Simple linear regression in Tensorflow produces near zero coefficient

Question

I am attempting a simple linear regression in Tensorflow with only one independent variable. A plot of my data shows the coefficient should be near 1, and in fact if I run it using sklearn.linear_model.LinearRegression I get a sensible result of about 0.90.

However running it in Tensorflow using this tutorial produces a coefficient of very near zero. I was able to get a rational result from the Tensorflow using randomized numbers. I have tried adjusting the learning rate or number of epochs without any meaningful effect.

The MRE includes actual data, and should produce a coefficient of 0.8975 from sklearn but 0.00045 from Tensorflow. I have considered that it is getting caught at a local minimum, but none of the examples I can find of such a problem work for my issue.

import numpy as np
import tensorflow as tf
from sklearn import linear_model

learning_rate = 0.1
epochs = 100

x_train = np.array([-0.00055, 0.00509, -0.0046, -0.01687, -0.0047, 0.00348, 
                0.00042, -0.00208, -0.01207, -0.0007, 0.00408, -0.00182, 
                -0.00294, -0.00113, 0.0038, -0.00645, 0.00113, 0.00268, 
                -0.0045, -0.00381, 0.00298, 0, -0.00184, -0.00212, 
                -0.00213, -0.01224, 0.00072, 0, -0.00331, 0.00534, 
                0.00675, -0.00285, -0.00429, 0.00489, -0.00286, 0.00158, 
                0.00129, 0.00472, 0.00555, -0.00467, -0.00231, -0.00231, 
                0.00159, -0.00463, 0.00174, 0, -0.0029, 
                -0.00349, 0.01372, -0.00302])

y_train = np.array([0.00125, 0.00218, -0.00373, -0.00999, -0.00441, 
                0.00412, 0.00158, -0.00094, -0.01513, -0.00064, 0.00416, 
                -0.00191, -0.00607, 0.00161, 0.00289, -0.00416, 
                0.00096, 0.00321, -0.00672, -0.0029, 0.00129, -0.00032, 
                -0.00387, -0.00162, -0.00292, -0.01367, 0.00198, 
                0.00099, -0.00329, 0.00693, 0.00459, -0.00294, -0.00164, 
                0.00328, -0.00425, 0.00131, 0.00131, 0.00524, 0.00358,
                -0.00422, -0.00065, -0.00359, 0.00229, 0, 0.00196, 
                -0.00065, -0.00391, -0.0108, 0.01291, -0.00098])

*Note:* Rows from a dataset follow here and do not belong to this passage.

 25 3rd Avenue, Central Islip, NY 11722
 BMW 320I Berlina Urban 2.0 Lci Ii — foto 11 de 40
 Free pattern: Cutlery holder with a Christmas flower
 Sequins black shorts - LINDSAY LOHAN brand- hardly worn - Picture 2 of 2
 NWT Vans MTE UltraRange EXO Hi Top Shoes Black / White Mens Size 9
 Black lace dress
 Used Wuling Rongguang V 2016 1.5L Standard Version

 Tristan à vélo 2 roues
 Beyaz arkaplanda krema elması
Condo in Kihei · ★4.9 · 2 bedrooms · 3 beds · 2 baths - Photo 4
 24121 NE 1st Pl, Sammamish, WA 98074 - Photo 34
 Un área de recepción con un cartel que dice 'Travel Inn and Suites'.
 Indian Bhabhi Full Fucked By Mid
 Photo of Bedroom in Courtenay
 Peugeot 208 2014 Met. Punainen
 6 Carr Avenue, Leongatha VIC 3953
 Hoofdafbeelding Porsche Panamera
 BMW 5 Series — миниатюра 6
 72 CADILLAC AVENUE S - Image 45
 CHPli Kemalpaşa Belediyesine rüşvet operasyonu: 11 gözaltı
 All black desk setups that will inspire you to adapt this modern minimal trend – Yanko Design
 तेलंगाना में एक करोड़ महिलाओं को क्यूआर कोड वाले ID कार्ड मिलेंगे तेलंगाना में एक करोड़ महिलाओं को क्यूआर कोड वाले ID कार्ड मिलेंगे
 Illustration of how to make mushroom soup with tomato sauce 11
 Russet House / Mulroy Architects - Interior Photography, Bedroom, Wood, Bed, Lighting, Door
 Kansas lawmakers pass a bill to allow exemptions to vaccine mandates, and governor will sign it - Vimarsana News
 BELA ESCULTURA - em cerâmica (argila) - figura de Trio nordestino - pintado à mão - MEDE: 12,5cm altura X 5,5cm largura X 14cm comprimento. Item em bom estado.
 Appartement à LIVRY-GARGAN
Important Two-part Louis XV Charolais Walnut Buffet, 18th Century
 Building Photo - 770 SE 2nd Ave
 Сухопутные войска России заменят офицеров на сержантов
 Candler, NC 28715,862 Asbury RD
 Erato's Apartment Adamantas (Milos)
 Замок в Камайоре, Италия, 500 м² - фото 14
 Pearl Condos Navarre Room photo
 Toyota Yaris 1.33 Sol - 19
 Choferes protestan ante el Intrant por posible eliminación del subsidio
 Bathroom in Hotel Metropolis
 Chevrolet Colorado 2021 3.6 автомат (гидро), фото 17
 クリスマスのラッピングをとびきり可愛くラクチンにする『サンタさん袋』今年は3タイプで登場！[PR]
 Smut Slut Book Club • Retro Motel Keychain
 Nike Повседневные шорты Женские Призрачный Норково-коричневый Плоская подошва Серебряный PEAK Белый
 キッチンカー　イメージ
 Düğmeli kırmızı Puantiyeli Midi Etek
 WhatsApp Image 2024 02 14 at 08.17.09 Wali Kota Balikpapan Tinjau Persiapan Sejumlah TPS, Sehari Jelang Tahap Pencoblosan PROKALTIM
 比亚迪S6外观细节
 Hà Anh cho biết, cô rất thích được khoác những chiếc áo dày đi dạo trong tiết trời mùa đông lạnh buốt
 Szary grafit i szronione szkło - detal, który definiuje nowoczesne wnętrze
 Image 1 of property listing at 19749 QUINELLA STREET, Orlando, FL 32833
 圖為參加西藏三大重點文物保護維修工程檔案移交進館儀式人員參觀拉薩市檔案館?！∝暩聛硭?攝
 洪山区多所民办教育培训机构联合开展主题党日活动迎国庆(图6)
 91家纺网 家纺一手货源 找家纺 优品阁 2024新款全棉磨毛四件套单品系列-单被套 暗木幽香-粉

regr = linear_model.LinearRegression()
regr.fit(x_train.reshape(-1, 1), y_train.reshape(-1, 1))
print ('Coefficients: ', regr.coef_)

weight = tf.Variable(0.)
bias = tf.Variable(0.)

for e in range(epochs):
    with tf.GradientTape() as tape:
        y_pred = weight*x_train + bias
        loss = tf.reduce_mean(tf.square(y_pred - y_train))
        gradients = tape.gradient(loss, [weight,bias])
        weight.assign_sub(gradients[0]*learning_rate)
        bias.assign_sub(gradients[1]*learning_rate)

print(weight.numpy(), 'weight', bias.numpy(), 'bias')

Answer 1

in the posted example, the training dataset x and y values are very small, which causes gradients to be very small, so while the model is training correctly on the data, it might take a few million iterations,

the scikit learn linear regression model uses least squares curve fitting so it can fit the dataset infinitely fast.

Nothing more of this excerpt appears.